The two men might have been infected directly by animals, however, and there was no proof of human-to-human spread of the virus, WHO spokesman Gregory Hartl said Thursday.
“This is not SARS, it is a new virus and very distinct from SARS,” he said. “There are still a lot of unanswered questions, so we cannot predict what might happen.”
Hartl said WHO could not elaborate on the men’s cases until investigations by national authorities were finished.
The new coronavirus is from a family of viruses that cause the common cold as well as SARS, the severe acute respiratory syndrome that killed about 800 people, mostly in Asia in a 2003 epidemic.
SARS jumped to people from civet cats and then mutated into a form easily spread among humans.
China hits back at Japan
PM’s statement on islands
BEIJING (AP) — China on Thursday assailed Japan’s prime minister as obstinate and wrong for saying his nation won’t compromise in their island dispute, as Japanese lawmakers and business leaders visited Beijing with hopes of mending ties.
Relations between Japan and China are at their lowest in years because of their spat over the island group in the East China Sea known as Senkaku in Japan and Diaoyu in China.

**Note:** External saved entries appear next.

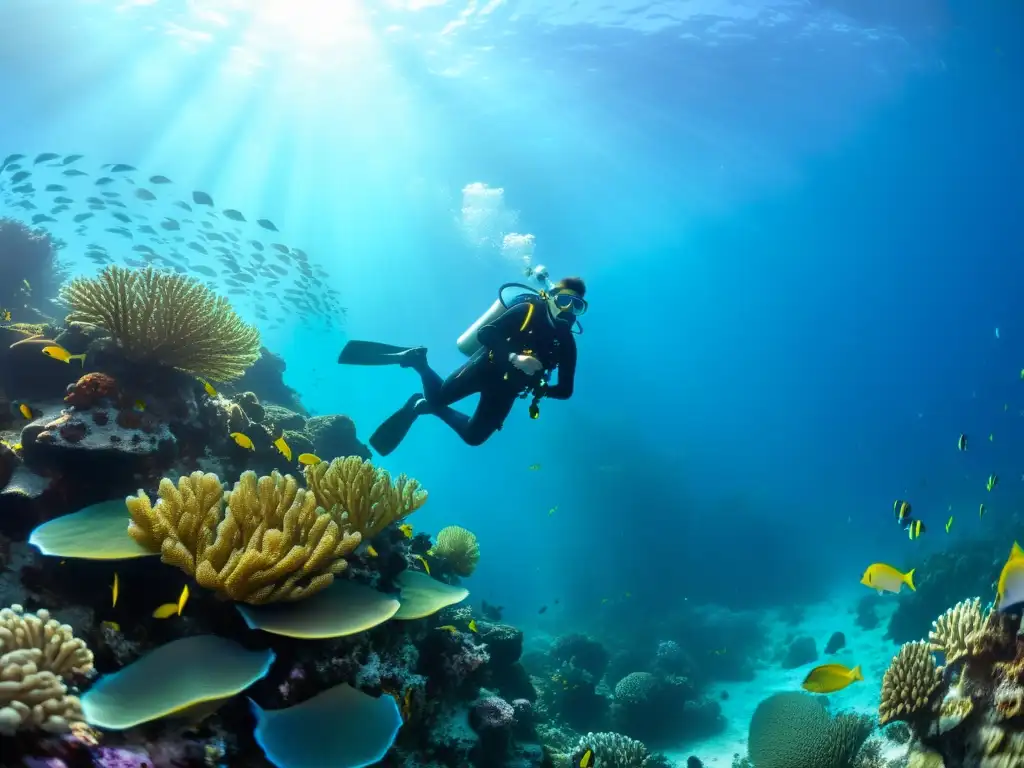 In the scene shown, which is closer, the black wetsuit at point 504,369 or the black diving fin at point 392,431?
the black wetsuit at point 504,369

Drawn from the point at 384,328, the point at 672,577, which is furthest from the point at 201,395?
the point at 384,328

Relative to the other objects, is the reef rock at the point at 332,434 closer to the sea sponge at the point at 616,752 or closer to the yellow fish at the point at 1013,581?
the sea sponge at the point at 616,752

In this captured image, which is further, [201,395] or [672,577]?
[672,577]

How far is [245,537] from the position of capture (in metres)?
3.16

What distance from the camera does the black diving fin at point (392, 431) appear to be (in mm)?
7895

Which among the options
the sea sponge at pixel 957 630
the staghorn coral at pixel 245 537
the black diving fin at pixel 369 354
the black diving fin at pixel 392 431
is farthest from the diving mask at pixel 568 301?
the sea sponge at pixel 957 630

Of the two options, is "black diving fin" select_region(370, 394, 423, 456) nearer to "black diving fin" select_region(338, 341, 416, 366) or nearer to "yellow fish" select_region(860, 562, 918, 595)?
"black diving fin" select_region(338, 341, 416, 366)

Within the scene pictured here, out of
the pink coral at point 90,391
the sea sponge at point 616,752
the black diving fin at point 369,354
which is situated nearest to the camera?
the pink coral at point 90,391

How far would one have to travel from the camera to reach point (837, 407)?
9131 centimetres

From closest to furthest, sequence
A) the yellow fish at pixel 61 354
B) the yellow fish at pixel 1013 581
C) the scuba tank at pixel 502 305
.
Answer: the yellow fish at pixel 1013 581 < the yellow fish at pixel 61 354 < the scuba tank at pixel 502 305

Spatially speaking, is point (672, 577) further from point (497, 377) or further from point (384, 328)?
point (384, 328)

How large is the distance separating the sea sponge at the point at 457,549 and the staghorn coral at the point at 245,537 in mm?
4582

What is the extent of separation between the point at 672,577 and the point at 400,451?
309 feet

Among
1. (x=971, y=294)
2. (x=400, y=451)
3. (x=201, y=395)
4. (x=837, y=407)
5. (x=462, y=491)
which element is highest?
(x=971, y=294) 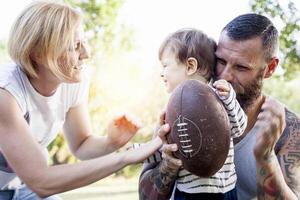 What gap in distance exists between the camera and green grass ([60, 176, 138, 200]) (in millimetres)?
9273

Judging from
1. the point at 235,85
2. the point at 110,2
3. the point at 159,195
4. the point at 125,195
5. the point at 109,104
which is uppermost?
the point at 235,85

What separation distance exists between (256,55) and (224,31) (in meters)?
0.21

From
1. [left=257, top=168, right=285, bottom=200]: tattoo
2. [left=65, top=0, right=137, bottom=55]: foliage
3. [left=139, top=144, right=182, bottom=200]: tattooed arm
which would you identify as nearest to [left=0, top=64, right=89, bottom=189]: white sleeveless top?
[left=139, top=144, right=182, bottom=200]: tattooed arm

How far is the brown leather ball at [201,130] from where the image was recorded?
221 cm

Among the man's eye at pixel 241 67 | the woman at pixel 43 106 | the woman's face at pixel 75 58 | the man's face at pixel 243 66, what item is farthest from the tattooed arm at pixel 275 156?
the woman's face at pixel 75 58

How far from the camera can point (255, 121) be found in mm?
2938

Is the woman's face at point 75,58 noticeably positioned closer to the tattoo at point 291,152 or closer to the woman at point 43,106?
the woman at point 43,106

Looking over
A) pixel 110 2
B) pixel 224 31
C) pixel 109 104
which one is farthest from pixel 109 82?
pixel 224 31

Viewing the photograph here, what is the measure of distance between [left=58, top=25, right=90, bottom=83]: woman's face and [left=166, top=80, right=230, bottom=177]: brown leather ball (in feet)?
2.19

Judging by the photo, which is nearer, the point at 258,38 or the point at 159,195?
the point at 159,195

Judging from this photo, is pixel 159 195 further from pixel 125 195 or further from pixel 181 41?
pixel 125 195

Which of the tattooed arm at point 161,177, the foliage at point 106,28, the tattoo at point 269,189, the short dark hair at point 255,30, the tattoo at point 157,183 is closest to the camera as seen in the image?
the tattooed arm at point 161,177

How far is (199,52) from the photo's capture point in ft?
8.25

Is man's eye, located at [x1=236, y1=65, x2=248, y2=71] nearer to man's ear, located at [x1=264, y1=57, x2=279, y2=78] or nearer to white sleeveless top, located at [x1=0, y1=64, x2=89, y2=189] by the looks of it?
man's ear, located at [x1=264, y1=57, x2=279, y2=78] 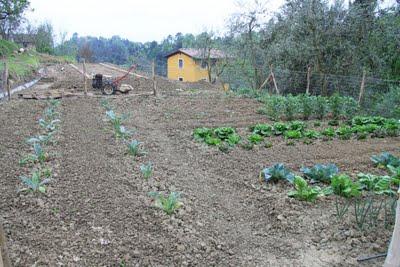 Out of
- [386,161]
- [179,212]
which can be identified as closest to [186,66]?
[386,161]

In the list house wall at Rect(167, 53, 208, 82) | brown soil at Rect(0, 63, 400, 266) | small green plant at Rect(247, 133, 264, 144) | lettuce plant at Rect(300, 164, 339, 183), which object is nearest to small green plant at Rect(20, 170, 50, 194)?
brown soil at Rect(0, 63, 400, 266)

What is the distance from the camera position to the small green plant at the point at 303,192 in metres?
4.41

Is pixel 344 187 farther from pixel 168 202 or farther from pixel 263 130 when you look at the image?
pixel 263 130

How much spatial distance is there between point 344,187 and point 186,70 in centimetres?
3299

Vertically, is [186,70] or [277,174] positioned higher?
[186,70]

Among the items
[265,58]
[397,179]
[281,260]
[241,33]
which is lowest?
[281,260]

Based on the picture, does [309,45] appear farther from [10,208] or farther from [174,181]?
[10,208]

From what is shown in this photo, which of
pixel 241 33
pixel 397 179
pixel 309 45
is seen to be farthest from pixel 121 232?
pixel 241 33

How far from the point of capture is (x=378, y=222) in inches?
148

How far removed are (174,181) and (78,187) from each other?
4.15ft

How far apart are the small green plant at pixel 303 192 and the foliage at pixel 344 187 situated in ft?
0.69

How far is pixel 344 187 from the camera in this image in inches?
178

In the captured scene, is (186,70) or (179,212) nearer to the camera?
(179,212)

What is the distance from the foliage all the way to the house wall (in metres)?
30.4
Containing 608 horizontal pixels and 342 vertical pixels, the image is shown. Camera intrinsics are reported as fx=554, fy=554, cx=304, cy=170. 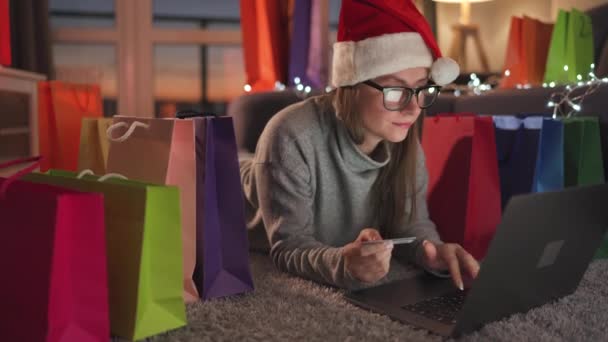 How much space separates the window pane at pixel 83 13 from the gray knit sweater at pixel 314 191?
265cm

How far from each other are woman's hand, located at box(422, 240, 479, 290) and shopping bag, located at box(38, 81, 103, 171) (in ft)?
4.43

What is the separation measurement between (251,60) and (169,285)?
2.45m

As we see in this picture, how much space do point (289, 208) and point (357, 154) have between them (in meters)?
0.21

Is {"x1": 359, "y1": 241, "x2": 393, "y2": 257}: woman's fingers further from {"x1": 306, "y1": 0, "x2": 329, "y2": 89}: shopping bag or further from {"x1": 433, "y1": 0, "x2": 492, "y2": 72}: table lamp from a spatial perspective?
{"x1": 306, "y1": 0, "x2": 329, "y2": 89}: shopping bag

Japan says it bought the islands this month to thwart Japanese nationalists’ more radical plans to develop them. But China saw the move as wrecking a prior arrangement with Tokyo, and it and many Chinese have responded with outrage.

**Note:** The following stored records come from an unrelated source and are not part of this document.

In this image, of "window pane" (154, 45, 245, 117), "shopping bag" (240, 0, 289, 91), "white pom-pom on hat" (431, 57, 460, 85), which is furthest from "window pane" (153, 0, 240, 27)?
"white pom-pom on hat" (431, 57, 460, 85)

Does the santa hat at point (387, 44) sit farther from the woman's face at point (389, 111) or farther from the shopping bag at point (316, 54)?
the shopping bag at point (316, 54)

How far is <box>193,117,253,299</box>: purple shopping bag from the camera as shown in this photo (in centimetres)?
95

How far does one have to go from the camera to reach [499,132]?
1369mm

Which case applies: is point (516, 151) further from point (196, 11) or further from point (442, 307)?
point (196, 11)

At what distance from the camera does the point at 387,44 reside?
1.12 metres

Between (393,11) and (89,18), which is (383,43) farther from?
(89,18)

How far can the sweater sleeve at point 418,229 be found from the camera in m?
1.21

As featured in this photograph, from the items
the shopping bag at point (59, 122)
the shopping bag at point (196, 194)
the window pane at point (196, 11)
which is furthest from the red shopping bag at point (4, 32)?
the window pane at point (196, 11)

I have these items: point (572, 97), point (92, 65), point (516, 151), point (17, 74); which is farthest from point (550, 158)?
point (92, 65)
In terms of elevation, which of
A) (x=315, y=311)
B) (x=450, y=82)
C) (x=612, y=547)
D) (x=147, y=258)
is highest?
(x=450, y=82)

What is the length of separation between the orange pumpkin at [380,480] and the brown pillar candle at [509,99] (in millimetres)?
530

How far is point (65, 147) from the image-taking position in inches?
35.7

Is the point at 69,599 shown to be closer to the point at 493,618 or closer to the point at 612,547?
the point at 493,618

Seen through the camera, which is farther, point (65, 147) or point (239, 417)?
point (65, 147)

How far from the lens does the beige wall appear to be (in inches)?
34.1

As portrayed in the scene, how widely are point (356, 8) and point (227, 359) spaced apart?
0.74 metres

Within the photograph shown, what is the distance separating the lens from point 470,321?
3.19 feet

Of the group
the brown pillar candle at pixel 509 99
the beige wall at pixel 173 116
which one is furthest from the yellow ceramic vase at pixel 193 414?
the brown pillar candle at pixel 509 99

Japanese Prime Minister Yoshihiko Noda said in New York on Wednesday that the islands are clearly an “inherent part of our territory, in light of history and international law.” He said that issues over the islands should be resolved peacefully and by the rule of law.
In response, Foreign Ministry spokesman Qin Gang said Thursday that “China is strongly disappointed and sternly opposes the Japanese leader’s obstinacy regarding his wrong position.” His statement repeated China’s stance that Japan was ignoring historical facts and international laws.
“The country seriously challenges the postwar international order, but tries to take the rules of international law as a cover. This is self-deceiving,” Qin said in a separate statement.
Mexico catches Zetas
drug capo ‘El Taliban’
MEXICO CITY (AP) — Mexico appeared to strike a major blow against one faction of the hyper-violent Zetas cartel, with the navy announcing it has captured one of the country’s most-wanted drug traffickers, Ivan Velazquez Caballero, known as “El Taliban.”
Velazquez Caballero has been fighting a bloody internal battle with top Zetas’ leader Miguel Angel Trevino Morales, and officials have said the split was behind a recent surge in massacres and shootouts, particularly in northern Mexico.
“A person who is presumed to be, and acknowledges being, Ivan Velazquez Caballero, was captured in the state of San Luis Potosi” in north-central Mexico, the navy said in a statement on Wednesday.
Officials were presenting Velazquez Caballero to the media Thursday morning.
Also known as “Z-50,” Velazquez Caballero has a 30 million peso ($2.3 million) reward on his head.